■ TASK DIRECTIONS ■
Please retype the data below line for line and leave out every picture.

***** RECORDED INFORMATION

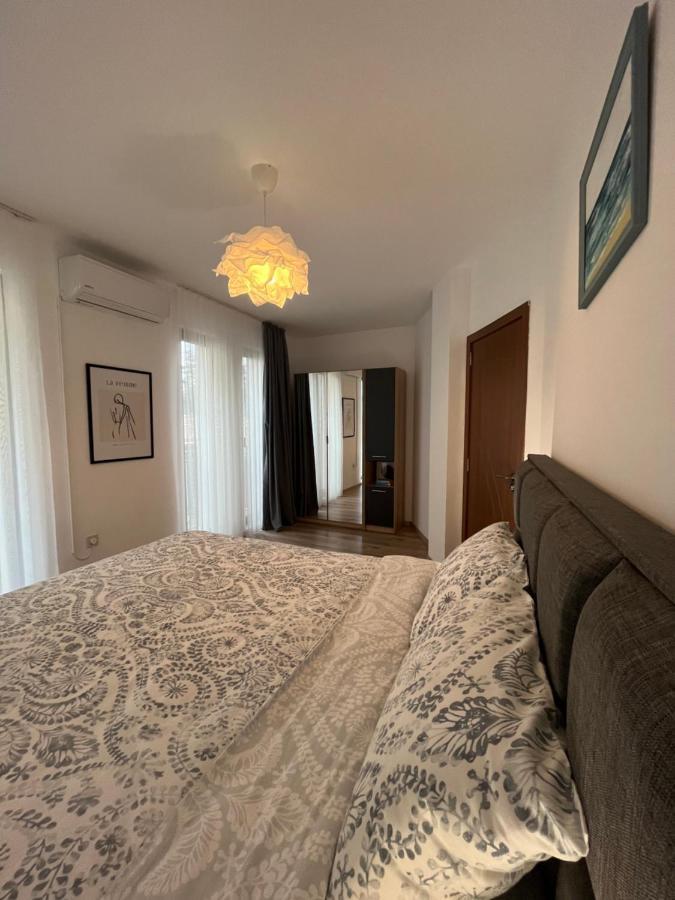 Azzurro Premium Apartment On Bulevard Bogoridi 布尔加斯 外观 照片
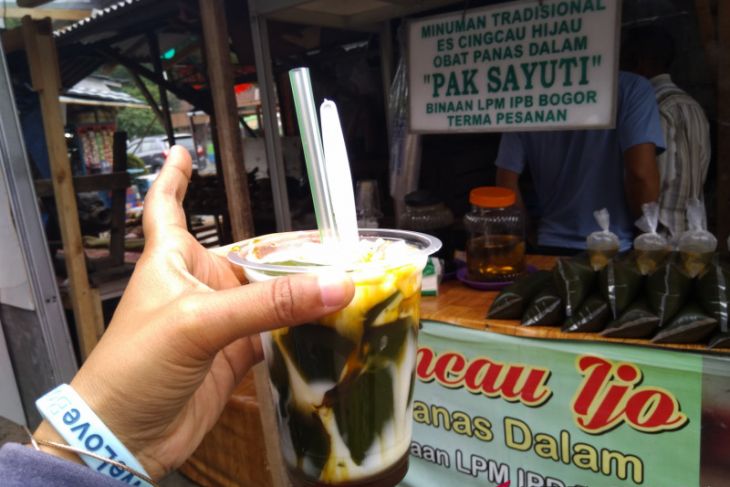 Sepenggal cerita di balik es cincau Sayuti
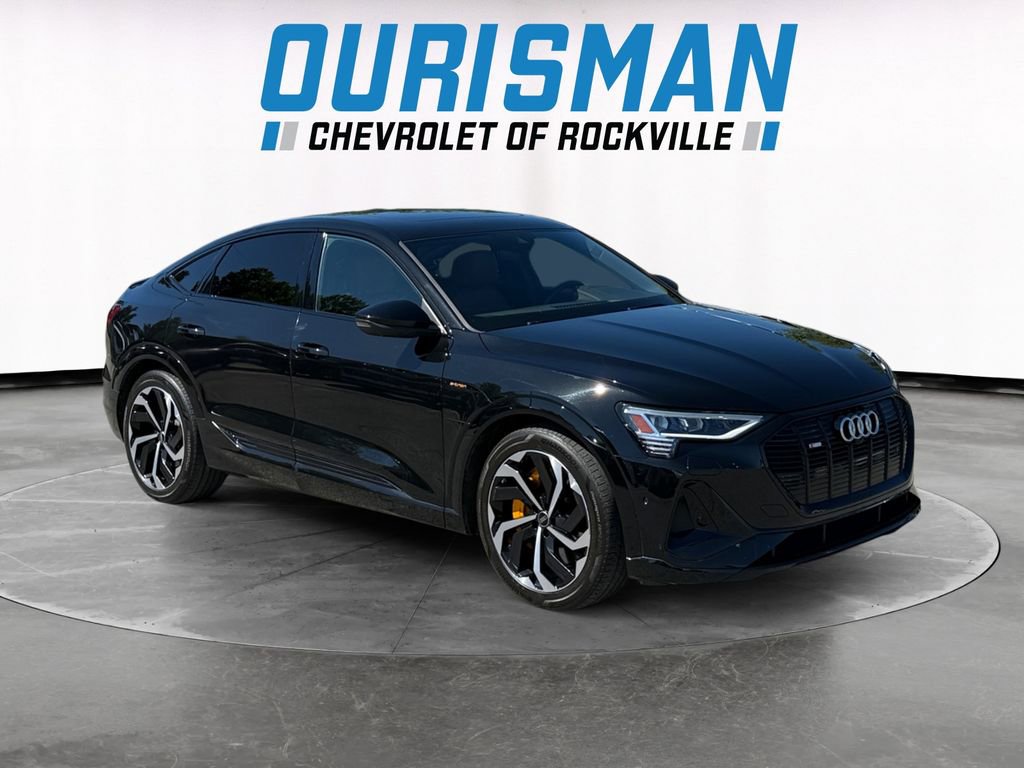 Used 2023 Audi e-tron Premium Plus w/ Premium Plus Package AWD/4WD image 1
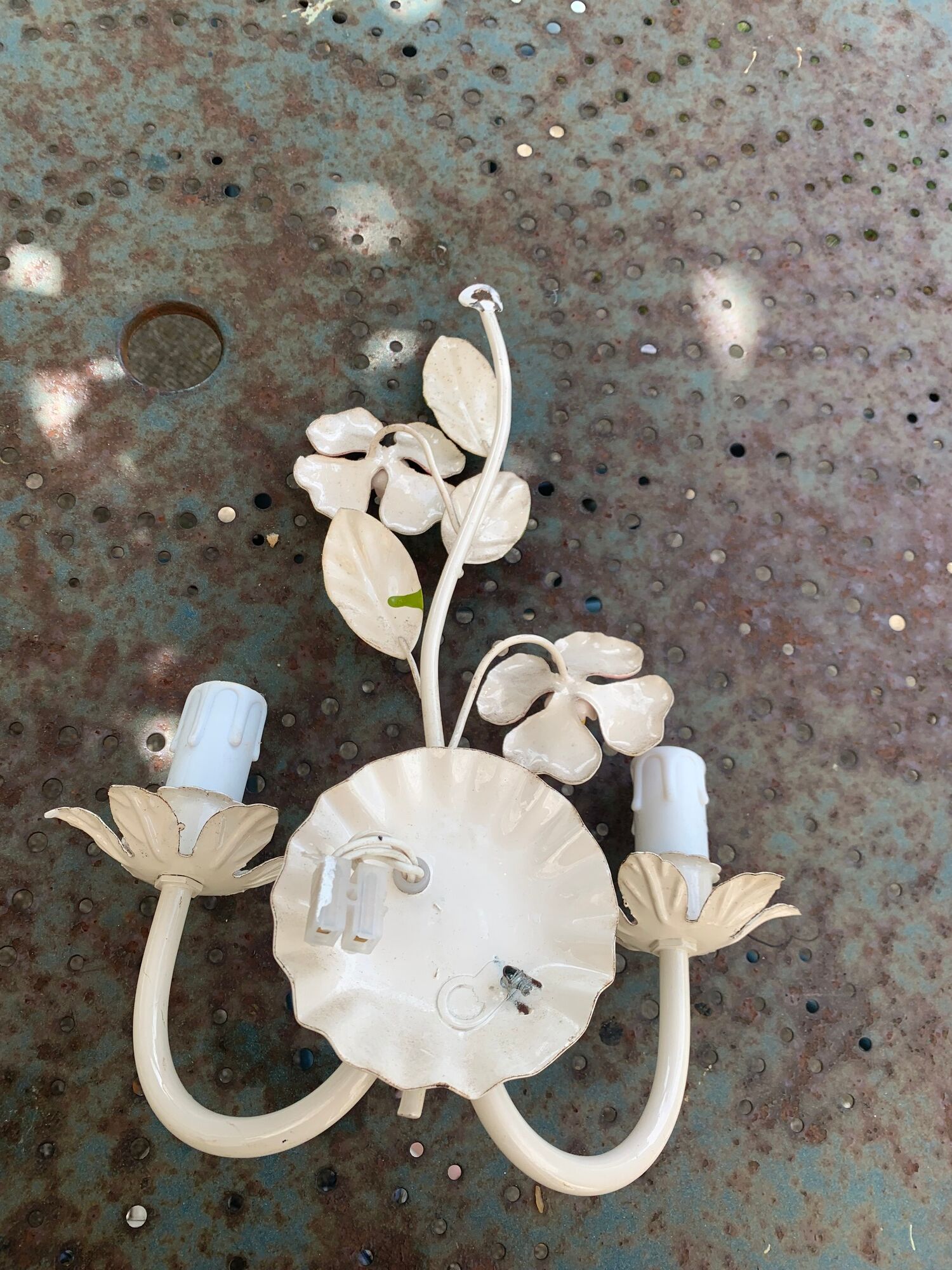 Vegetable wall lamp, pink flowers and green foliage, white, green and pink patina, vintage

**********

■ TASK SOLUTION ■
 Azzurro Premium Apartment On Bulevard Bogoridi 布尔加斯 外观 照片
 Sepenggal cerita di balik es cincau Sayuti
 Used 2023 Audi e-tron Premium Plus w/ Premium Plus Package AWD/4WD image 1
 Vegetable wall lamp, pink flowers and green foliage, white, green and pink patina, vintage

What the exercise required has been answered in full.